Sunday, June 25, 2006

prognosis: negative

It's worse then I thought.
Maybe it's just because I don't want to write my paper, and so my mind keeps trailing off to anything tangible that's *not* my paper, but for the first time in FOREVER, I actually really want this guy to do what he said he would.
And that is to call me.
I think that if he was to call me right now, I'd hit the ceiling with excitement and bubbly happiness. How wretched is that?
And if he doesn't call? Well it'll just be more ammo for the cynical battle I'm waging against the dark and forboding world, not to mention that it'll add pounds to the non-destructible protective shield I'm working on building around myself so that no one can disappoint me ever again.

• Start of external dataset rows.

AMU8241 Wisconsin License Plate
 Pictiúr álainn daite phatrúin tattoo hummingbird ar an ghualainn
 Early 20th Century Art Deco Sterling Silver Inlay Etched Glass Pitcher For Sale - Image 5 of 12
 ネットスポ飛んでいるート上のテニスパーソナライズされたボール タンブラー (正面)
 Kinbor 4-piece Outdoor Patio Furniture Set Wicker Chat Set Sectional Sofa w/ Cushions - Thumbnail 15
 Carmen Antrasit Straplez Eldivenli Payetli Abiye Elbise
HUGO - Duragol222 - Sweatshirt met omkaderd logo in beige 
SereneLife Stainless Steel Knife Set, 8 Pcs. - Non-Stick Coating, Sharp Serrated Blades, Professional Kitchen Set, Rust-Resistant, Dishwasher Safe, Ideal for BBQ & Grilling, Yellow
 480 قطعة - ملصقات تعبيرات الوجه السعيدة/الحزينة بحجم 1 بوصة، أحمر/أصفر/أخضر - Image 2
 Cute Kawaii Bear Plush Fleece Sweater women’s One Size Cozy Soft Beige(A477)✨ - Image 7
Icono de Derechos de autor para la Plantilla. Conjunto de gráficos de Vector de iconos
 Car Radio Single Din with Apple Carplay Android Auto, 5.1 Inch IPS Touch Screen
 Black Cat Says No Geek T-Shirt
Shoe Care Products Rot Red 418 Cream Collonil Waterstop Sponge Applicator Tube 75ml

The Chinese have it right: Confucius says: Everything in moderation. They don't get ecstatic when random boys phone them after they said they would, and they don't break down and cry when things don't go their way for a while. Balance. Harmony. Good follows bad, and for the Chinese, that's just the way life is. Accept it.
But no, not us Westerners.
All I can think about is how amazingly cute he is when he smiles, how pretty his eyes are, and what a dolt I was the WHOLE NIGHT. Why on earth did I attempt to tell a joke?
I really really really really really hope he calls.
I'd pray to Baby Jesus, but that seems almost as futile as me trying to write my paper right about now.